<<<<
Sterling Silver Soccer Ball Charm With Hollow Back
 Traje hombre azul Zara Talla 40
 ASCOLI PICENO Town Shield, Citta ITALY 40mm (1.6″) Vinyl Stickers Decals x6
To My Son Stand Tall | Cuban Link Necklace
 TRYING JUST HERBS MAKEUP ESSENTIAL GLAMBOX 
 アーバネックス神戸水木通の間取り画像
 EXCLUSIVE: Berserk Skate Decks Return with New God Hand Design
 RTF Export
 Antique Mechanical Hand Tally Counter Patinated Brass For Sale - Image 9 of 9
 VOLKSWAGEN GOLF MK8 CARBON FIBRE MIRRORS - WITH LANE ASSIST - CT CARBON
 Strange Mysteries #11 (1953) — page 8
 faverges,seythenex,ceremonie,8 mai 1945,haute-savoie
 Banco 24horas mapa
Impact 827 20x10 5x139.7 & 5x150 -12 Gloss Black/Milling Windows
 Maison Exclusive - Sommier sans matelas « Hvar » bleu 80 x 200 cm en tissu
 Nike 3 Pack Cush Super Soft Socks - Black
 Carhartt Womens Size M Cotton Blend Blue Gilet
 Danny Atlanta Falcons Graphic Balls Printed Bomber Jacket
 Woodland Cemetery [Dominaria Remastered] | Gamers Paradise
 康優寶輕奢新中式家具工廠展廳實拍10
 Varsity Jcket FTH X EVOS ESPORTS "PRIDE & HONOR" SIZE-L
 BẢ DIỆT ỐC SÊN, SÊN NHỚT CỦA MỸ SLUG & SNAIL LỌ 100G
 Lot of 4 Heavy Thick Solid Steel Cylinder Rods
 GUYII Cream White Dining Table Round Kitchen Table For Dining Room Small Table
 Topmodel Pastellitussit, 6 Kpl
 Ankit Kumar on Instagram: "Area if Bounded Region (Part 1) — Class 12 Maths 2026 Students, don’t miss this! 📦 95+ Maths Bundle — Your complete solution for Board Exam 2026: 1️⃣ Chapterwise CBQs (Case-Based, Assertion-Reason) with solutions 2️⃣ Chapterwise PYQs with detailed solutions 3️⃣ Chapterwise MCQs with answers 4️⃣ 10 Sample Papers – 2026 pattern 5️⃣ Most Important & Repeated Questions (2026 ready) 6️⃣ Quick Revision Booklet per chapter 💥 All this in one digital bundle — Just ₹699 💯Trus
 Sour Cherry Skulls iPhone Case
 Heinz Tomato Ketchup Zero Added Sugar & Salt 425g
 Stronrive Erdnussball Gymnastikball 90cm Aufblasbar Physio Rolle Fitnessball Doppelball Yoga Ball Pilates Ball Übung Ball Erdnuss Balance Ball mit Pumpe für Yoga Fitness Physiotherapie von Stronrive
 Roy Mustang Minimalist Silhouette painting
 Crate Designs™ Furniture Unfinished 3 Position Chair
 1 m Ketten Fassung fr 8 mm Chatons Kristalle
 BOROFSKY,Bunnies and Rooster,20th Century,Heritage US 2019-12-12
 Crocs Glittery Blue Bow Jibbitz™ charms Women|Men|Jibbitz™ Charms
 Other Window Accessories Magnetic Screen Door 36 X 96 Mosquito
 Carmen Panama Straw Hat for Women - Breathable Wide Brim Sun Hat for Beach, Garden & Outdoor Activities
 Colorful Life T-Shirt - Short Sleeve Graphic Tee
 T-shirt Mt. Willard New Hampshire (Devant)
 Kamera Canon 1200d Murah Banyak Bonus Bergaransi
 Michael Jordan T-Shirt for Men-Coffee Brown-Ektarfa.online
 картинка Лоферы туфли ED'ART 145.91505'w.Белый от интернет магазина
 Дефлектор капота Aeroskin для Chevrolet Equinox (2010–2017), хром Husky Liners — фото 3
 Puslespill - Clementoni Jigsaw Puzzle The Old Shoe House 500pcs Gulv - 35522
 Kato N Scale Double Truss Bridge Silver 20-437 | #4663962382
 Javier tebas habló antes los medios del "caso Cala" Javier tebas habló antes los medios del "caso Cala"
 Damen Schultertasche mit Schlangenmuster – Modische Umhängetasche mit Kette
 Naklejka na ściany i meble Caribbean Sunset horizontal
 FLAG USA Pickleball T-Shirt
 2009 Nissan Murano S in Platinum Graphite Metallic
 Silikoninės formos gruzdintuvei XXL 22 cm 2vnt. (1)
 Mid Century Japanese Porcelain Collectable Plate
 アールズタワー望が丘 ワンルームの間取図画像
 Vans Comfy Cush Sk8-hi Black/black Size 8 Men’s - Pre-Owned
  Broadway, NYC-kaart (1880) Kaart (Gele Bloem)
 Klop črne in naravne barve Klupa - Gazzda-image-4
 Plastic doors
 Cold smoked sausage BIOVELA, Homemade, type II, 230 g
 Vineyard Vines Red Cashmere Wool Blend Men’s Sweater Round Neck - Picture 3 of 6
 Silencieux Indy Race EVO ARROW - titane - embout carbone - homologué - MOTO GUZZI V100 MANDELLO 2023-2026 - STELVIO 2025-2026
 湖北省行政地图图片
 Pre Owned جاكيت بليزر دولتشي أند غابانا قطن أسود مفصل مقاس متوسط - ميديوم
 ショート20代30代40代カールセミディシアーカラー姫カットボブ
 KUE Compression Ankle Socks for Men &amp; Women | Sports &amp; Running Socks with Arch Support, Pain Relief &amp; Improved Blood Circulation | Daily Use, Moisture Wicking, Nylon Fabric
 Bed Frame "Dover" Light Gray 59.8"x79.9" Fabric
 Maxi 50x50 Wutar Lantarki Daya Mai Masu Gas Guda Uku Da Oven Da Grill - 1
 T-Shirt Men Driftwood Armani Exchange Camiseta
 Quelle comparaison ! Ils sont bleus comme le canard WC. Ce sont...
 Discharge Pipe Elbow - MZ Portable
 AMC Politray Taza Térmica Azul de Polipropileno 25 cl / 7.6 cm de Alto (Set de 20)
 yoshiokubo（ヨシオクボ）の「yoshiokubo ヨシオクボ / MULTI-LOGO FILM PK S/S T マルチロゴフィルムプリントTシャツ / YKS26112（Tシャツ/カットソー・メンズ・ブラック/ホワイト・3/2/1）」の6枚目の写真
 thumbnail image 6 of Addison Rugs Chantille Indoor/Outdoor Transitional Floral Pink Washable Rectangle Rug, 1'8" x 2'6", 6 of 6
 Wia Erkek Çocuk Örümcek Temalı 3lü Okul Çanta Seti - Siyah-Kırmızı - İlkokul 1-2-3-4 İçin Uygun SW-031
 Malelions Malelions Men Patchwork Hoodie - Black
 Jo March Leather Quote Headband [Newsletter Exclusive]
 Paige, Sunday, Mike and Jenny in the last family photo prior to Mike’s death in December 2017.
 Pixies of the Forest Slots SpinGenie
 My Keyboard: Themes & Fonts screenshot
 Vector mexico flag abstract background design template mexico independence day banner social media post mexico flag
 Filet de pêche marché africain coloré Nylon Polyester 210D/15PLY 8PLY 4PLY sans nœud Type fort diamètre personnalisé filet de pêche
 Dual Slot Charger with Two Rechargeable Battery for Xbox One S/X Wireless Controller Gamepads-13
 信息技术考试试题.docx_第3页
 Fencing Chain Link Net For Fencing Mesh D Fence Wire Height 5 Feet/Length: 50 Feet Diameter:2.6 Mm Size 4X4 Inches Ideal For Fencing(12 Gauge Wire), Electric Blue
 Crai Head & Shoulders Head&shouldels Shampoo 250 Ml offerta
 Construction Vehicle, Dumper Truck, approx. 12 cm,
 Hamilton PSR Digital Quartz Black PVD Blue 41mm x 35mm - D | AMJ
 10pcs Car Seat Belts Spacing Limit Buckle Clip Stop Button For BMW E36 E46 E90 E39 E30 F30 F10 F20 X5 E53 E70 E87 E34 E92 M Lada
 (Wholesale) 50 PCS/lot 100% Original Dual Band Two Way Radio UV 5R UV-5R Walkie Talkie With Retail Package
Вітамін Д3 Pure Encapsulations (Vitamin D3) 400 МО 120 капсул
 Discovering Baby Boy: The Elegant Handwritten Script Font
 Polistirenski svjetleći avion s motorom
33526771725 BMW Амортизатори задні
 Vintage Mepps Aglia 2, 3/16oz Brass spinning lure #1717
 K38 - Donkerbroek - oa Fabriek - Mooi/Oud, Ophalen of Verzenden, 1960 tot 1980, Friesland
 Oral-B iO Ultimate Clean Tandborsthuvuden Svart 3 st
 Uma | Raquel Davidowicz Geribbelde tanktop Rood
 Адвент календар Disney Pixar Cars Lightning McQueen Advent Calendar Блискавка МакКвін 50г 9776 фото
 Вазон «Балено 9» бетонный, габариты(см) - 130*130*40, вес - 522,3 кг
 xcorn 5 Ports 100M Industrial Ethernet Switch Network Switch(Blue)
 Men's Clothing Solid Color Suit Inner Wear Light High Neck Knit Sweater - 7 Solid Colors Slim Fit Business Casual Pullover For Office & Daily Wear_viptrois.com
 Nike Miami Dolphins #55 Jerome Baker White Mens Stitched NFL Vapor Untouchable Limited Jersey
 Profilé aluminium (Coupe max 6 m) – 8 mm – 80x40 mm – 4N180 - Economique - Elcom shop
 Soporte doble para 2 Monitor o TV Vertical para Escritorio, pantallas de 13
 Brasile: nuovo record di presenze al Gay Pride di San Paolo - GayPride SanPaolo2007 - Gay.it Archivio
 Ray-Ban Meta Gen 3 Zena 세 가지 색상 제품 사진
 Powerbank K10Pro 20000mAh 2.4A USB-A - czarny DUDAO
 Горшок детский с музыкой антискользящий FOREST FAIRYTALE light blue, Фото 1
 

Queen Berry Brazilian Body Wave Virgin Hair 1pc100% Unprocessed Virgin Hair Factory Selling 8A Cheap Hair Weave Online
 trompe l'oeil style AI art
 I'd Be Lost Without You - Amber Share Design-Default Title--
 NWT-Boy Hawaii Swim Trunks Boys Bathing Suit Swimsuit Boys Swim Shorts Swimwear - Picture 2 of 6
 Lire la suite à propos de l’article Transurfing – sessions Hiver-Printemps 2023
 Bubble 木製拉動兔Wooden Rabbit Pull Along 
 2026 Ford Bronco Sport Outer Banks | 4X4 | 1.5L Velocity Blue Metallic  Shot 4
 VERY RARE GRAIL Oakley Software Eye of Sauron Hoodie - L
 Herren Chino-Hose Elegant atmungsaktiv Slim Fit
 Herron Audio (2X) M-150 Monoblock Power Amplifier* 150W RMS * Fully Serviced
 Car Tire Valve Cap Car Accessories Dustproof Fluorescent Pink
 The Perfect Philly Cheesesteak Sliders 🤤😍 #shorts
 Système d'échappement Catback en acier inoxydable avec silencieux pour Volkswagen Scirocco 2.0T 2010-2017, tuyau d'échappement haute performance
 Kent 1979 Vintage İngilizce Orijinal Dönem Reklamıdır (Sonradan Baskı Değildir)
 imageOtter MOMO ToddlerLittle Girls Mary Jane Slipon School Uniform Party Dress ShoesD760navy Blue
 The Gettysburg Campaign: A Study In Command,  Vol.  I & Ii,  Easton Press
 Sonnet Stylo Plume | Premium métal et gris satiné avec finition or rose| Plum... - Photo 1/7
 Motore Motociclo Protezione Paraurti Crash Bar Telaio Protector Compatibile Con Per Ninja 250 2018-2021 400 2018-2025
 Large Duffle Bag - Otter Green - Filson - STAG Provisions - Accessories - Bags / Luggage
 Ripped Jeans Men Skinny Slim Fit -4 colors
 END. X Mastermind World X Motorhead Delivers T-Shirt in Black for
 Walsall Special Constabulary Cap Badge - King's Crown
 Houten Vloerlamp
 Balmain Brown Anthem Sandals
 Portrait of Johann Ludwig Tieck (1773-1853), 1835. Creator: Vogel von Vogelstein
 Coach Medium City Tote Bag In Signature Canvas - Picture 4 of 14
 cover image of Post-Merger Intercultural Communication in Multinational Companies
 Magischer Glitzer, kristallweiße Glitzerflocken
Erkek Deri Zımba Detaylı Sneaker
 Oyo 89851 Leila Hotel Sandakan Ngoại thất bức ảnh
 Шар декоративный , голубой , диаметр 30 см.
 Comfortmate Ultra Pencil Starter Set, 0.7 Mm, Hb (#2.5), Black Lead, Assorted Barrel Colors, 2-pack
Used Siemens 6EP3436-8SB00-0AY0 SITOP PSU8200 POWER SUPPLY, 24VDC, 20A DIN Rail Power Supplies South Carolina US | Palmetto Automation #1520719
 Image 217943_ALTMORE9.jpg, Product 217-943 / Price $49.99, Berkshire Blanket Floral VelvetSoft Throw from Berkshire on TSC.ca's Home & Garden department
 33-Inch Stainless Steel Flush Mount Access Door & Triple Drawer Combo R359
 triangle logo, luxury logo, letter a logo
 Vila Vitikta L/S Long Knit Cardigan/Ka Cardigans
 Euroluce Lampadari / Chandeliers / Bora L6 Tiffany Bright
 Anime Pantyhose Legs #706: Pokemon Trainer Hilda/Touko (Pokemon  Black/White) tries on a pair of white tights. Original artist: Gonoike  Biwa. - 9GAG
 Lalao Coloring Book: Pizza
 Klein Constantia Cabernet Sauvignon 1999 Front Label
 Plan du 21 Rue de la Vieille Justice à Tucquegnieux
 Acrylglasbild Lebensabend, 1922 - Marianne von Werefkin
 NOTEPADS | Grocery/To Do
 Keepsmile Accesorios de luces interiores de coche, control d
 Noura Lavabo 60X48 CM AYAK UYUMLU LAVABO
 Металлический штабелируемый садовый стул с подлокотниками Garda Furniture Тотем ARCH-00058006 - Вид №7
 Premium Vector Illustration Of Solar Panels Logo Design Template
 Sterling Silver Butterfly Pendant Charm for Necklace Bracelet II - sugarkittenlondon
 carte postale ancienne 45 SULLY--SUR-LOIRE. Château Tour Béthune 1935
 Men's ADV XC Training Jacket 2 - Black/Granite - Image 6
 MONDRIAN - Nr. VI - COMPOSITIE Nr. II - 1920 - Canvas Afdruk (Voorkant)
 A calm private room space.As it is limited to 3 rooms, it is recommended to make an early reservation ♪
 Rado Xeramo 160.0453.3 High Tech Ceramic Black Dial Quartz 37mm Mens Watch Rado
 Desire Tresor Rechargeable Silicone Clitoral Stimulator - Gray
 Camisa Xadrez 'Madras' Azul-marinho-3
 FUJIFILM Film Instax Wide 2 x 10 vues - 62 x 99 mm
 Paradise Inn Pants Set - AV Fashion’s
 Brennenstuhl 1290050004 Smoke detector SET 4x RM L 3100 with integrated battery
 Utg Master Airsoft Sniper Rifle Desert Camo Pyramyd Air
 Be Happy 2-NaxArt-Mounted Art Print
>>>>
Work request: Gather up every line from the listing above in which the word "Floral" occurs.

Task output:
 thumbnail image 6 of Addison Rugs Chantille Indoor/Outdoor Transitional Floral Pink Washable Rectangle Rug, 1'8" x 2'6", 6 of 6
 Image 217943_ALTMORE9.jpg, Product 217-943 / Price $49.99, Berkshire Blanket Floral VelvetSoft Throw from Berkshire on TSC.ca's Home & Garden department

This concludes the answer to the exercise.